IT WILL TAKE a gain of 15 seats for the Democrats to take control of the House of Representatives this fall. Can they do it?

Long time elections expert Michael Barone says maybe. It would seem that gaining 15 seats should not be that hard, given that the Republicans gained 52 seats in 1994 to take the House. But this isn’t 1994. At least not yet.

Democrats' chances of taking those 15 seats are not very good — if the voting patterns and political contours that have held steady since the 1995-96 budget showdown continue to prevail.

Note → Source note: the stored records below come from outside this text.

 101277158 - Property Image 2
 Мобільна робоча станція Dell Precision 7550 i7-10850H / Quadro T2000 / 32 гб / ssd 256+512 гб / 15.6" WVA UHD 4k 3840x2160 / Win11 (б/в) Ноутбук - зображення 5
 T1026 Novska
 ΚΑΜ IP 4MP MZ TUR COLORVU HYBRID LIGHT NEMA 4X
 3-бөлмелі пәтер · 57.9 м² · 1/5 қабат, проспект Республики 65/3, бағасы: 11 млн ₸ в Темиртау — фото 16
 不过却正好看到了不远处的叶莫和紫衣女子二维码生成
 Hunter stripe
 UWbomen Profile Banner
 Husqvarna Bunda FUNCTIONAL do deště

And that’s the point. Voting patterns have stayed steady for about the last ten years. The Republicans gains came from three sources, says Barone. First was the Democratic Class of 1974 that had won in fairly Republican districts. Twenty years later, as those incumbents moved on, their seats reverted back to the Republicans. Then Republicans benefited from an improvement in candidate quality, the movement of the conservative South into the Republican camp, a remarkable anti-incumbent feeling, and finally an anti-Clinton feeling among voters who in 1992 thought they were voting for a moderate and instead got tax increases and national health care.

How do those factors work this time around? Not too much. It doesn’t seem likely that Republicans are in for a perfect storm like Democrats were in 1994.

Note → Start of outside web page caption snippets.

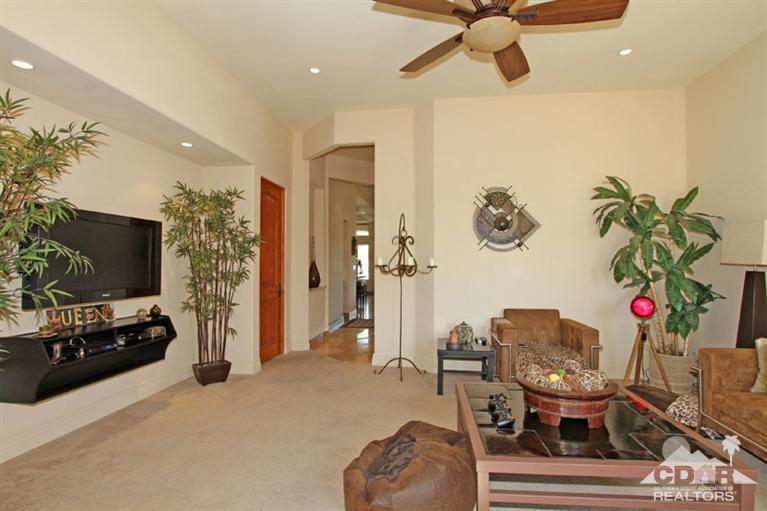77660 Robin Road Palm Desert, CA 92211 - Photo 41 of 81 Additional Photo
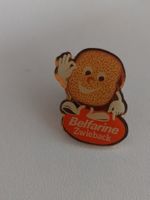 Belfarine Zwieback Pin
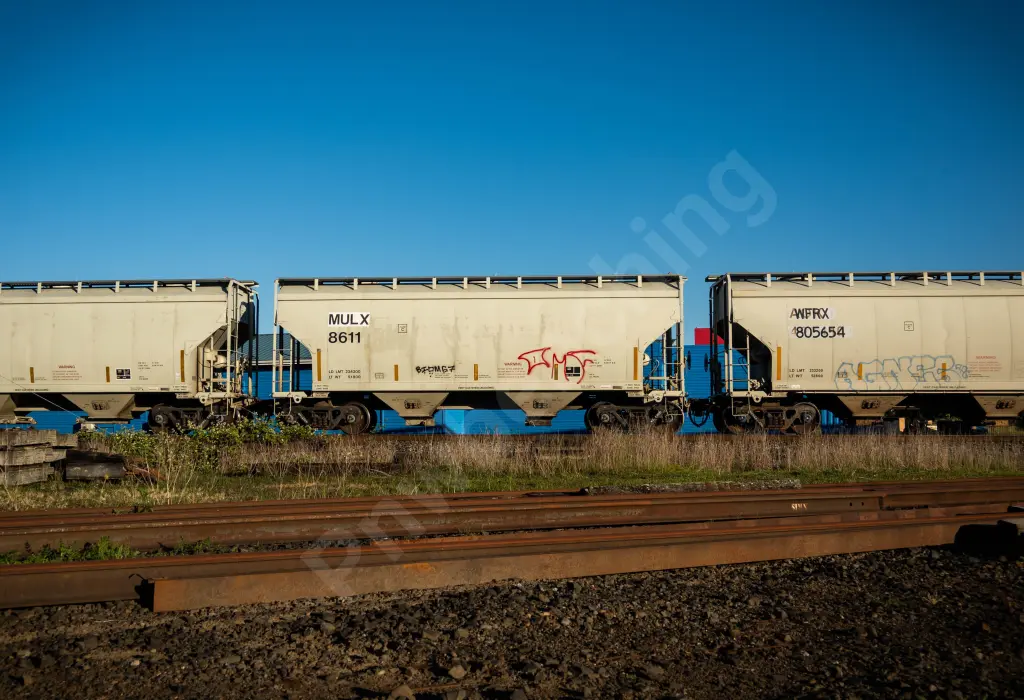 MULX8611 - NORTH-AMERICA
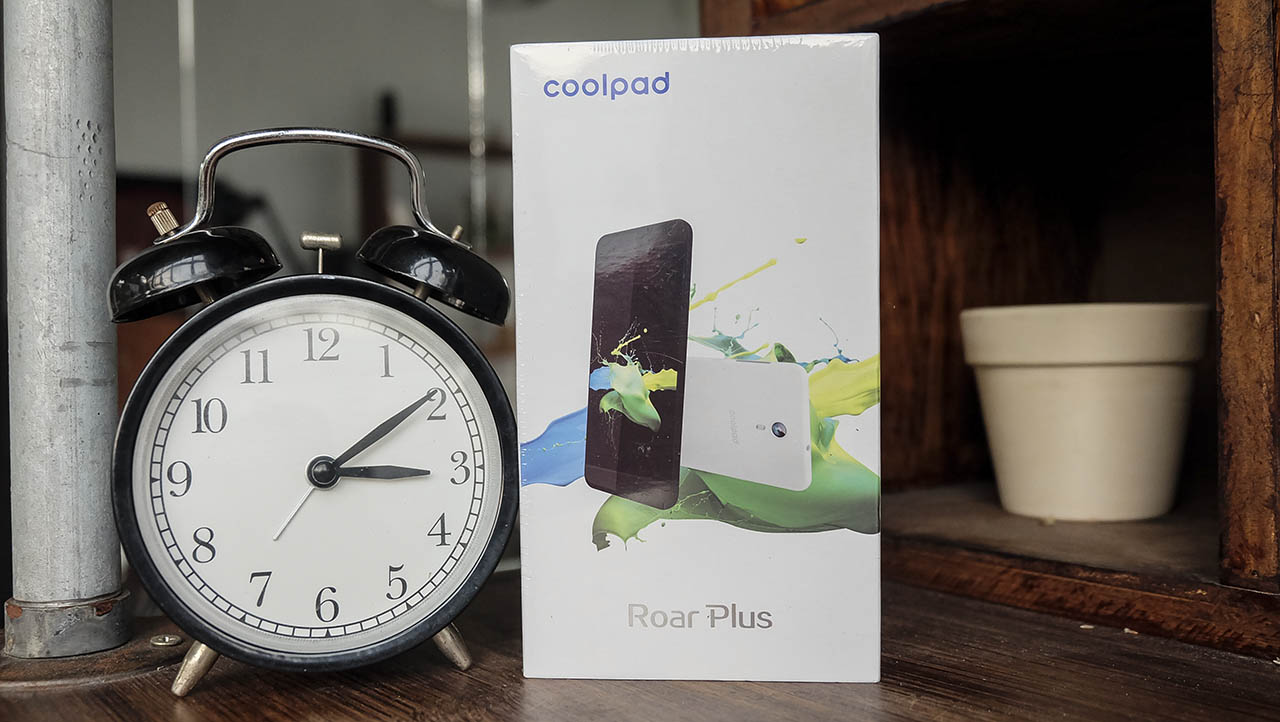 tren tay coolpad roar plus tren tay coolpad roar plus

In his analysis, Jay Case writes in RealClearPolitics.com that we should not underestimate the difficulty of unseating an incumbent congressman. There are only about 17 Republican open seats and most of them are districts that voted for Bush in 2000 and 2004.

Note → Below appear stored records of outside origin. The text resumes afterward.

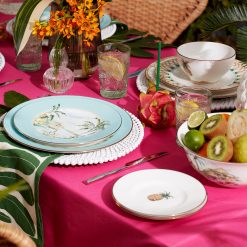 Alternative view of Lenox Premium British Colonial Tradewind Dinner Plate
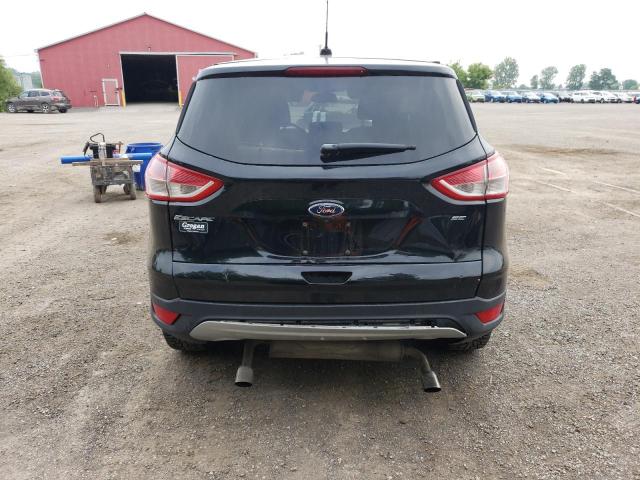 Photo 5 VIN: 1FMCU0G72GUC84783 - FORD ESCAPE SE 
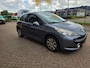 Peugeot 207 1.4 VTi XS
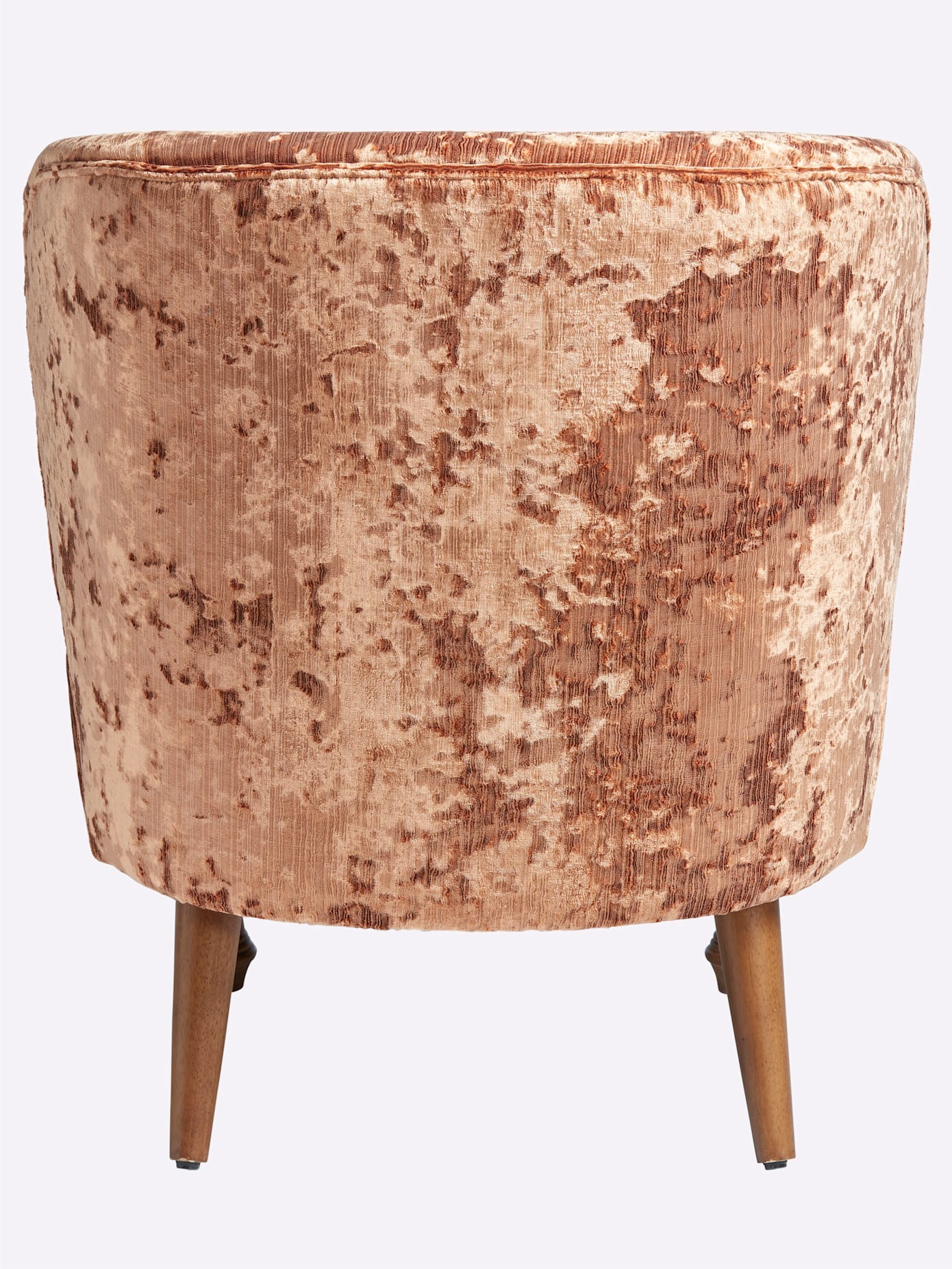 heine home Sessel, (1 St.)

Then he goes through the conventional wisdom that points to a Democratic pickup in November. Democrats could win if they could unify around a set of issues. Republicans are in trouble because they are not united. Right track/wrong track polls indicate trouble for the Republicans, and so on.

All wrong, says Case. The fact is that 95 percent of Republican congressmen are running for reelection. And the open seats are mostly in districts that voted for Bush. That makes it almost impossible to retake the House unless the sentiments of the voters change significantly before November.

So it ain’t over yet.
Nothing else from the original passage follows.